- [WORKING DATA]

━━━━━━━━

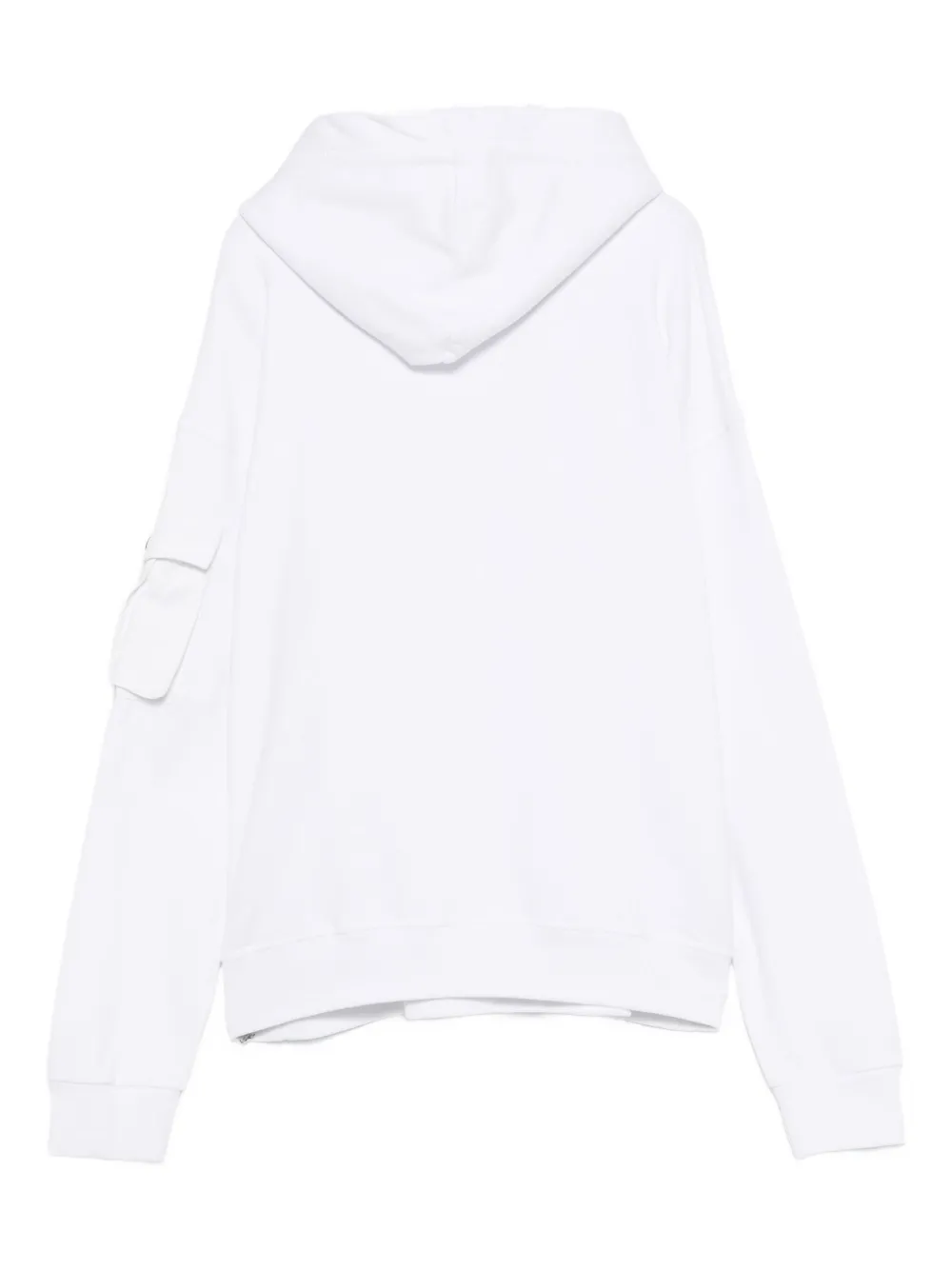 DSQUARED2 KIDS Hoodie met esdoornblad en zak Wit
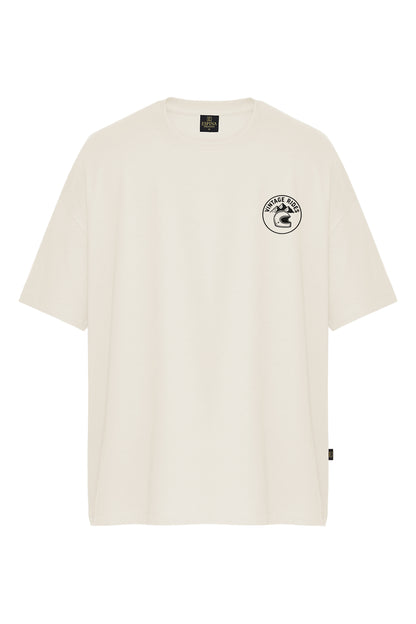 Oversize Baskılı Tişört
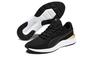 Puma Женские низкие кроссовки Adela Core Черный/Белый/Золотой 370544-01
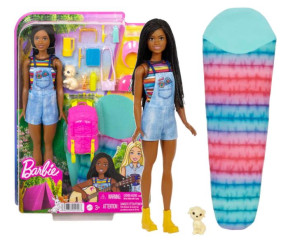 BARBIE Kemping Lalka Brooklyn + akcesoria MATTEL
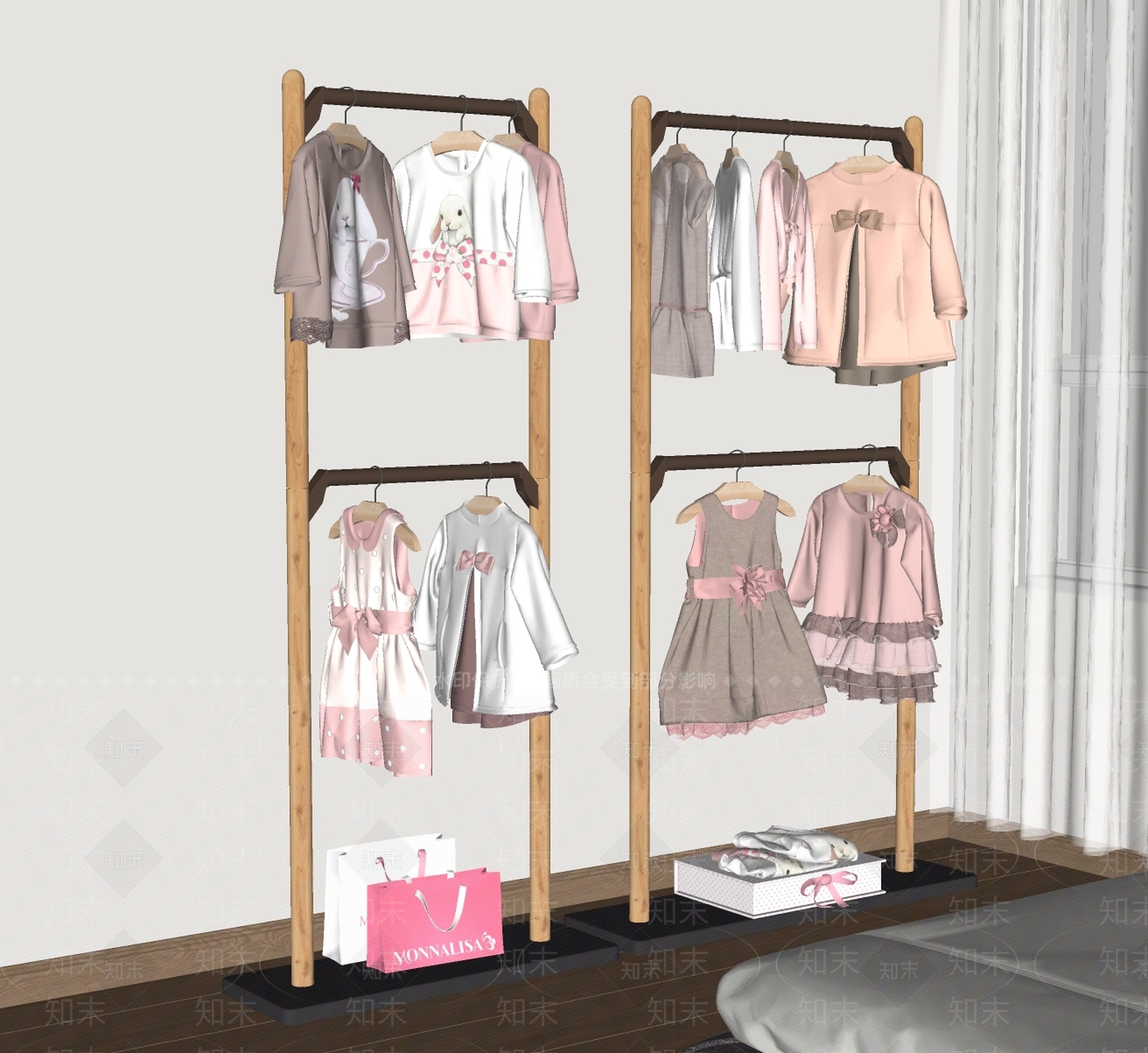 儿童服饰SU模型下载【ID:1146019203】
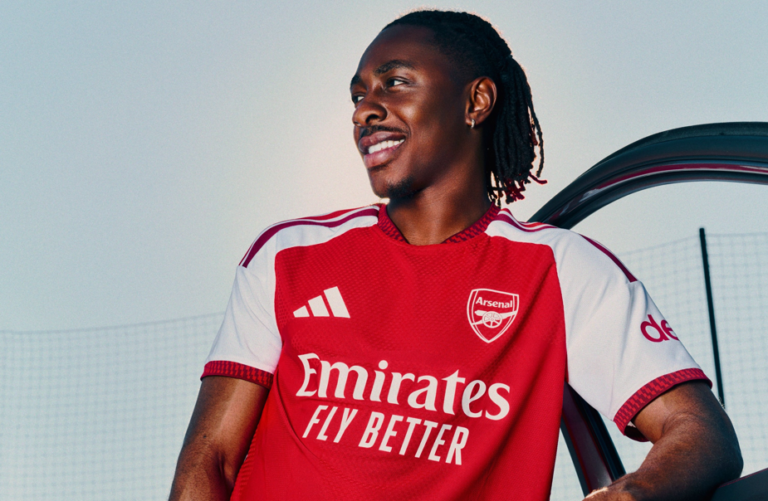 Arsenal mark 20 years at Emirates Stadium with new home kit launch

━━━━━━━━

- [YOUR TASK]
Every line of the data is to be transcribed exactly, and no picture is to be included.

- [SOLUTION TO THIS TASK]
 DSQUARED2 KIDS Hoodie met esdoornblad en zak Wit
 Oversize Baskılı Tişört
 Puma Женские низкие кроссовки Adela Core Черный/Белый/Золотой 370544-01
 BARBIE Kemping Lalka Brooklyn + akcesoria MATTEL
 儿童服饰SU模型下载【ID:1146019203】
 Arsenal mark 20 years at Emirates Stadium with new home kit launch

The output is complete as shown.